→ Your objective
Set down the data below exactly; pictures stay out.

→ Short text fragments from websites
▼▼▼

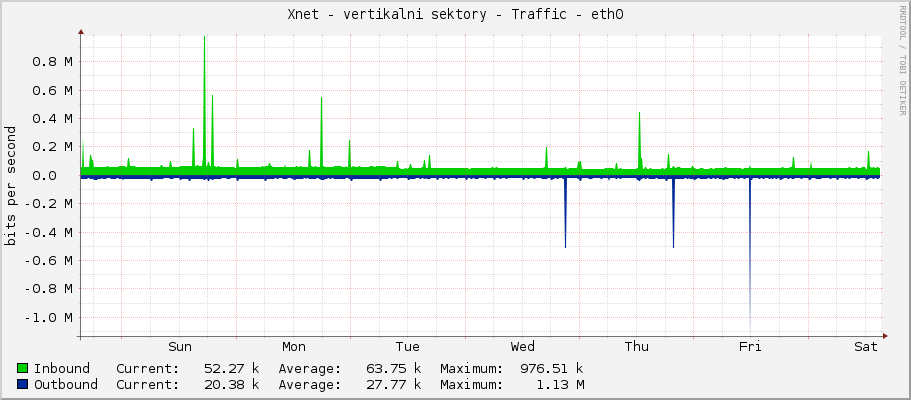 Xnet - vertikalni sektory - Traffic - eth0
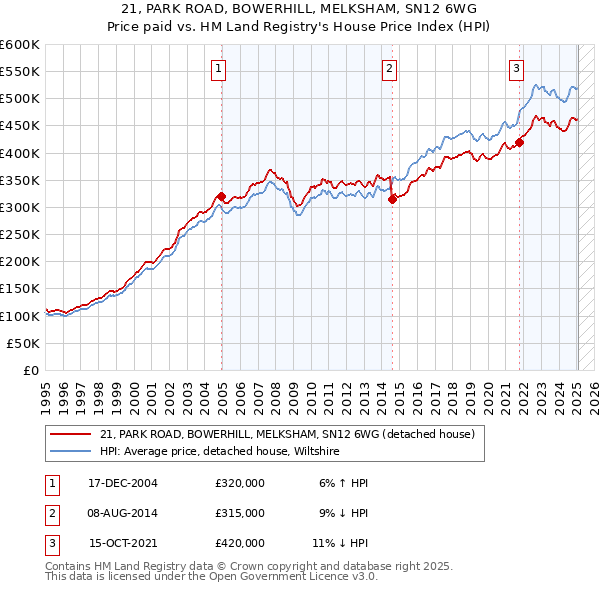 21, PARK ROAD, BOWERHILL, MELKSHAM, SN12 6WG: Price paid vs HM Land Registry's House Price Index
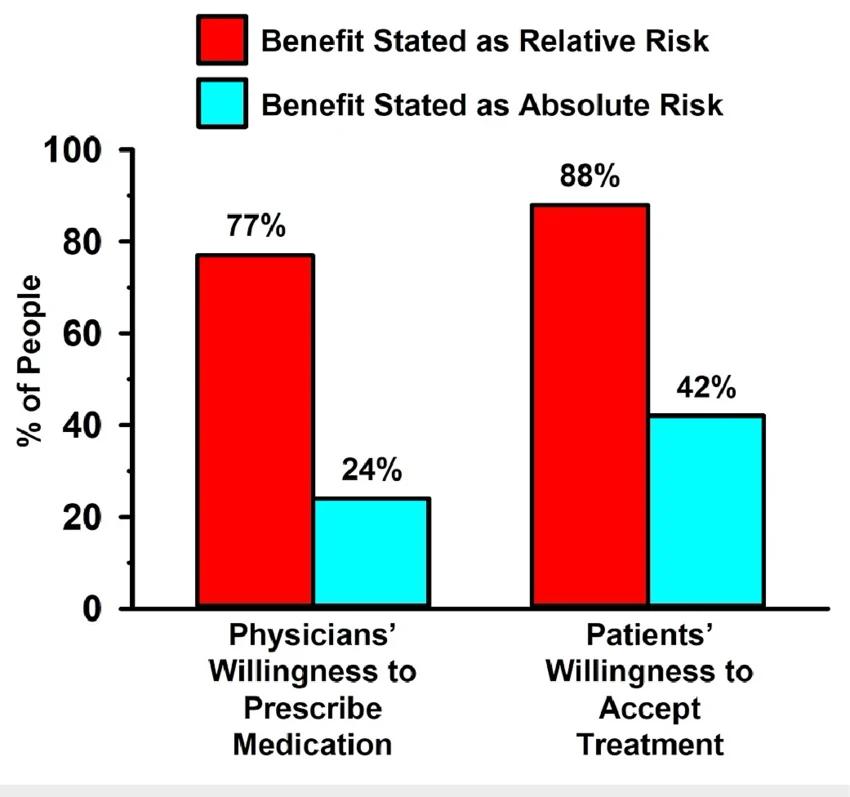 misleading data examples relative vs absolute risk misleading percentages statistics interpretation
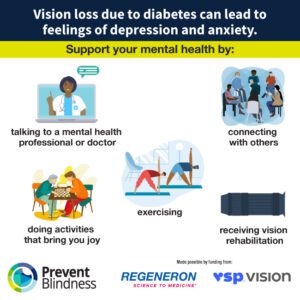 Vision loss due to diabetes can lead to feelings of depression and anxiety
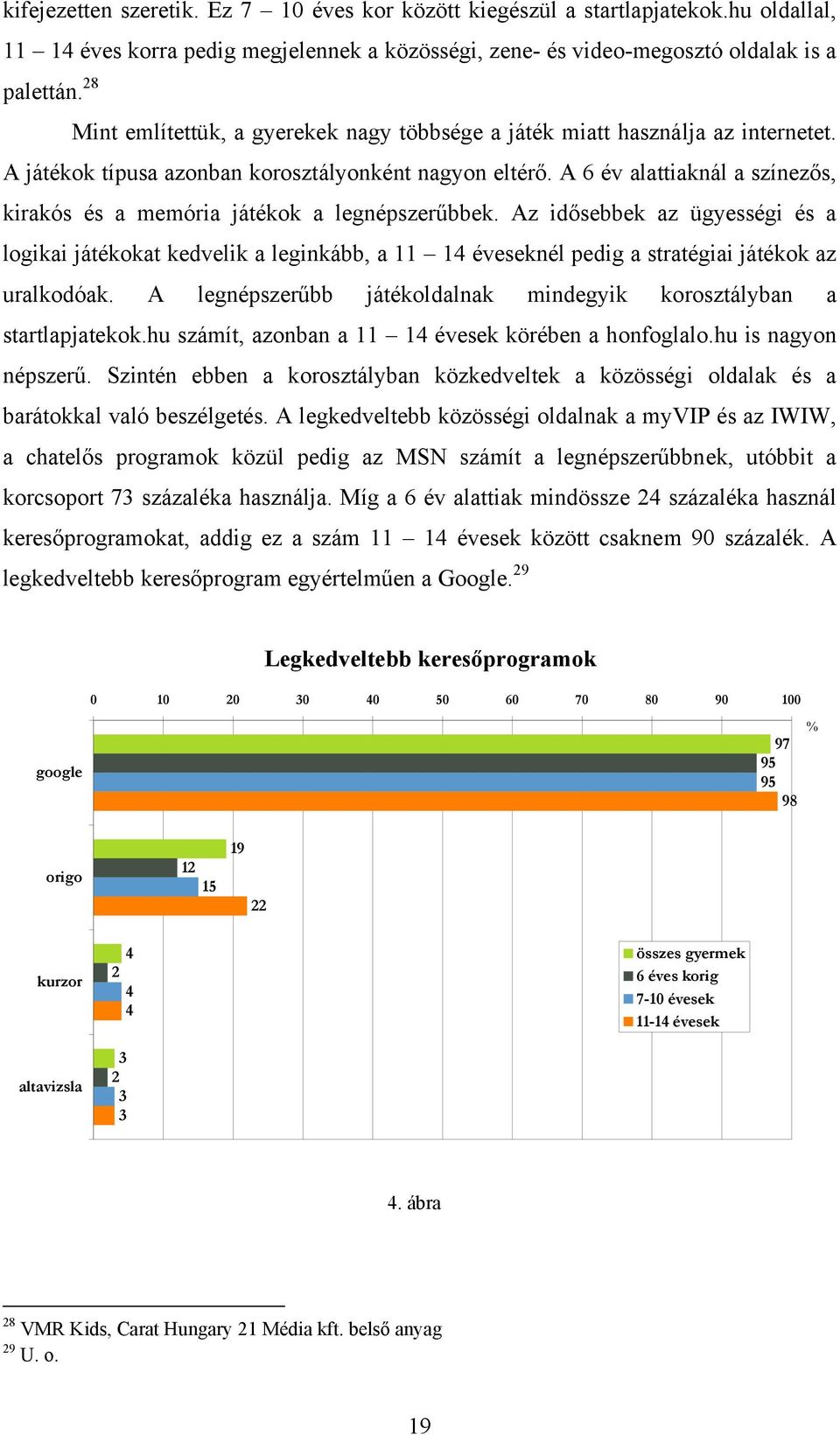 A 6 év alattiaknál a színezős, kirakós és a memória játékok a legnépszerűbbek.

▲▲▲

→ Your solution
 Xnet - vertikalni sektory - Traffic - eth0
 21, PARK ROAD, BOWERHILL, MELKSHAM, SN12 6WG: Price paid vs HM Land Registry's House Price Index
 misleading data examples relative vs absolute risk misleading percentages statistics interpretation
 Vision loss due to diabetes can lead to feelings of depression and anxiety
 A 6 év alattiaknál a színezős, kirakós és a memória játékok a legnépszerűbbek.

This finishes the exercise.